A sudden retreat in the price of Bitcoin triggered a significant amount of long position liquidations on Dec. 5
A sudden dip in the price of Bitcoin wiped out $300 million of long positions in the market as its price fell 5.47% within minutes on Dec. 5, briefly dipping just below $93,000.
Between 10:23 am UTC and 10:28 am UTC, Bitcoin BTC$97,856 dropped from $98,338 to $92,957.
Bitcoin’s price quickly rebounded
It has since rebounded to $96,410 at the time of publication, according to TradingView data.
The sudden price decline triggered over $303.5 million in liquidations of long positions within the hour, pushing total liquidations over the past 24 hours to $404 million, per data from CoinGlass.

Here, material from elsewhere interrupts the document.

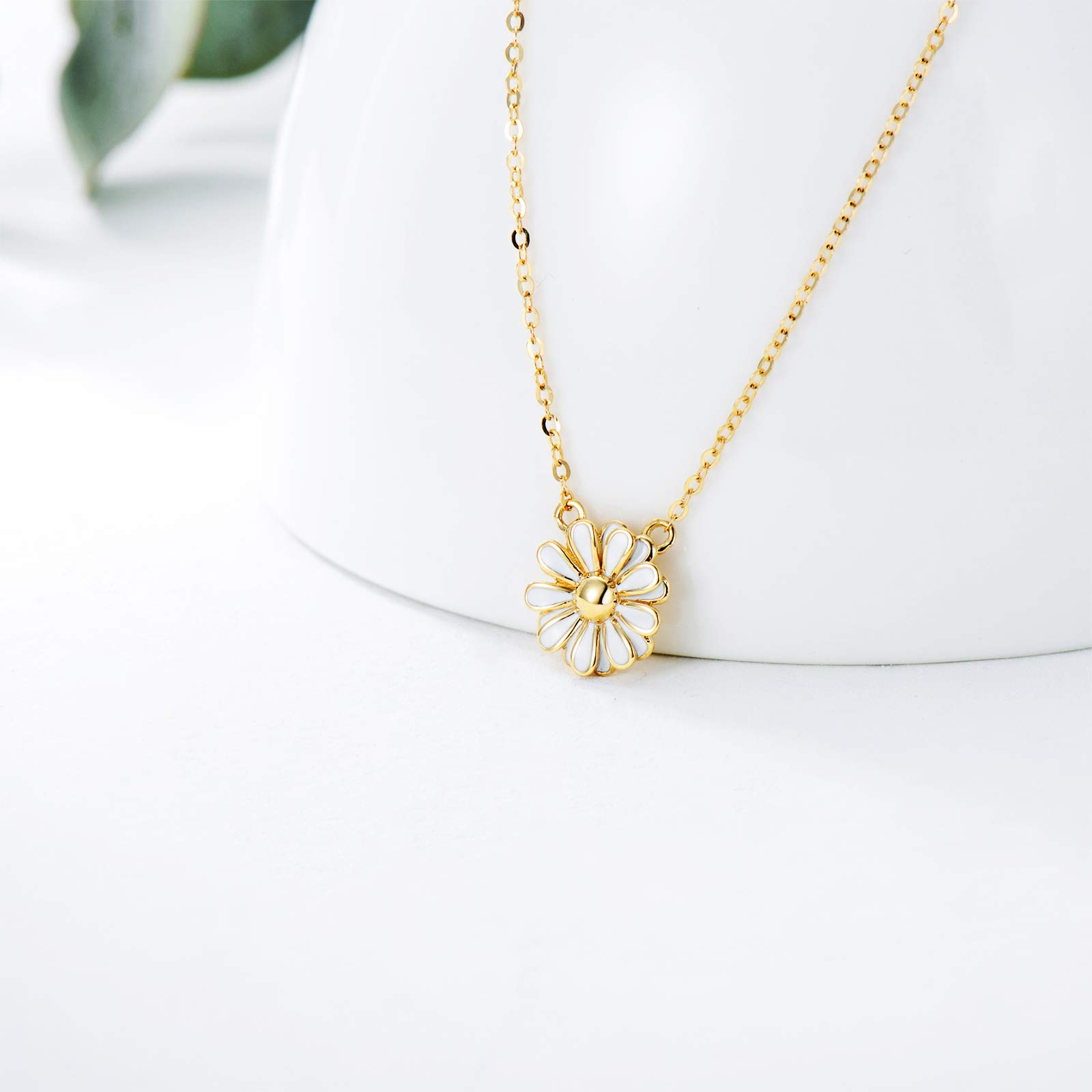 14K Solid Gold Flower Pendant Necklace for Women - Elegant Floral Jewelry Gift for Wife, Mother, Girlfriend - Perfect for Birthday, Anniversary, Mother's Day - Everyday Wear & Special Occasions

Hartmann Capital founder Felix Hartmann said there is a “70% chance” that was the end of the “flush” and a 30% chance “we go a bit lower.”
“That wipe cleared out most of the lever on BTC. The only reason we go lower is if it spooked enough people into taking profit,” Hartmann said in a Dec. 5 X post.
Plunge will go ‘down in history’
Pseudonymous crypto trader Smiley Capital said in a Dec. 5 X post that this day “truly goes down in history.”
“It took Bitcoin 3 minutes to drop ~10% which equals to ~200B drop. 180 seconds. 200 Billion dollars lower,” Smiley Capital said.
Bitcoin’s market capitalization was $1.92 trillion at the time of publication. It came only a day after Bitcoin breached the $100,000 price level for the first time and reached an all-time high of about $104,000.
IG market analyst Tony Sycamore said the sharp retrace could mean Bitcoin’s price plateauing in the short term.
“While we don’t see this as the end of the Bitcoin bull run, it does signal we are entering a consolidation phase in the days/weeks ahead,” Sycamore said in a Dec. 5 X post.
After Bitcoin reached an all-time high of $73,679 in March, it consolidated within a wide range of $53,000 and $72,000 for the next seven months.
On Dec. 5, Cointelegraph reported that the year had seen more than $31 billion in net inflows from the spot Bitcoin exchange-traded funds in the United States, along with tightened supply from Bitcoin’s fourth halving in April.